▶ _Work to be completed_
Where the data below shows a picture, leave that picture out and copy the rest exactly.

▶ _Information shown_
____
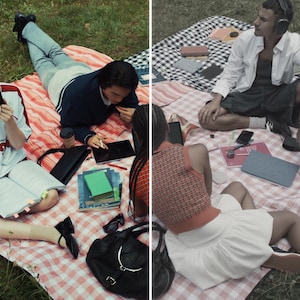 May include: A picnic scene with people on checkered blankets. One person wears a white and red soccer jersey and reads a book. Another person uses a tablet. A third person wears headphones. There are books, phones, and a black bag.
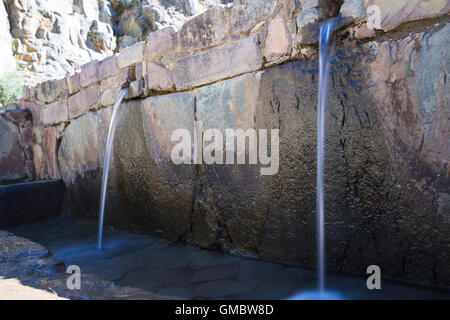 L'eau qui coule à Ollantaytambo thru petit satellite construit en pierres locales Banque D'Images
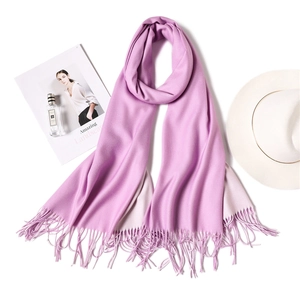 Detail of soft lavender reversible scarf with handmade fringe and cashmere-like texture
____
▶ _Worked solution_
 May include: A picnic scene with people on checkered blankets. One person wears a white and red soccer jersey and reads a book. Another person uses a tablet. A third person wears headphones. There are books, phones, and a black bag.
 L'eau qui coule à Ollantaytambo thru petit satellite construit en pierres locales Banque D'Images
 Detail of soft lavender reversible scarf with handmade fringe and cashmere-like texture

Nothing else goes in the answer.